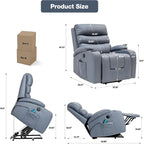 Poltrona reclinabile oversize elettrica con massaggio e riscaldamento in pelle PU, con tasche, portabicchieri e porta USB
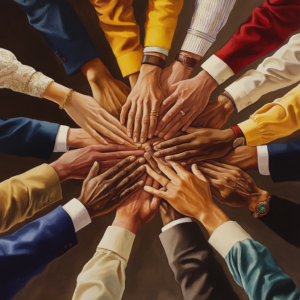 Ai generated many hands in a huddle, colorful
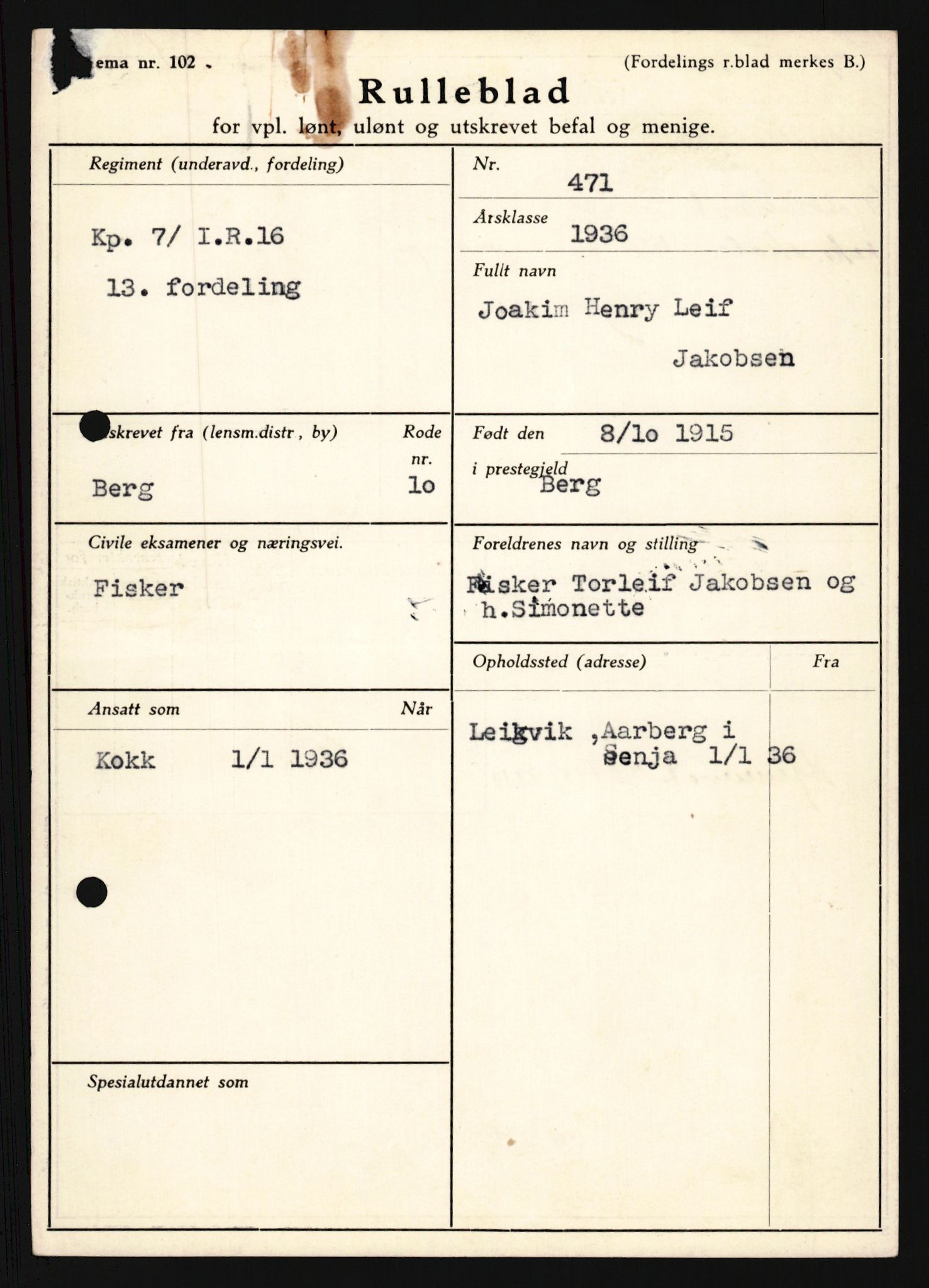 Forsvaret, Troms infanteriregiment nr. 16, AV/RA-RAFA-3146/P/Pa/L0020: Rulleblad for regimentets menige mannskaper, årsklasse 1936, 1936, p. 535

* * *

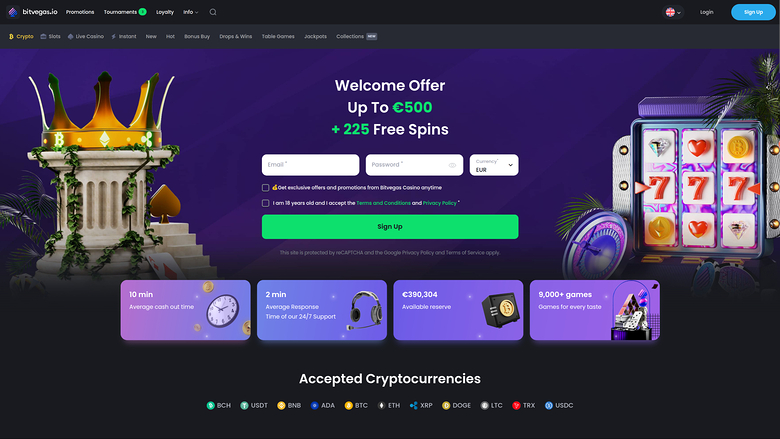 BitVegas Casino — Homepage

* * *

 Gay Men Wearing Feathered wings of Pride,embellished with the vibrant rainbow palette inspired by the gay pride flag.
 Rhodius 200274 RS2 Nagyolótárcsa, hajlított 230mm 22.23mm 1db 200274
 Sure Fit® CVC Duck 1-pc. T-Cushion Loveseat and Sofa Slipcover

[Task]
Print exactly the lines above from the one with "Rhodius 200274 RS2" to the one with "Sure Fit® CVC", including both.

[Reply to the task]
 Rhodius 200274 RS2 Nagyolótárcsa, hajlított 230mm 22.23mm 1db 200274
 Sure Fit® CVC Duck 1-pc. T-Cushion Loveseat and Sofa Slipcover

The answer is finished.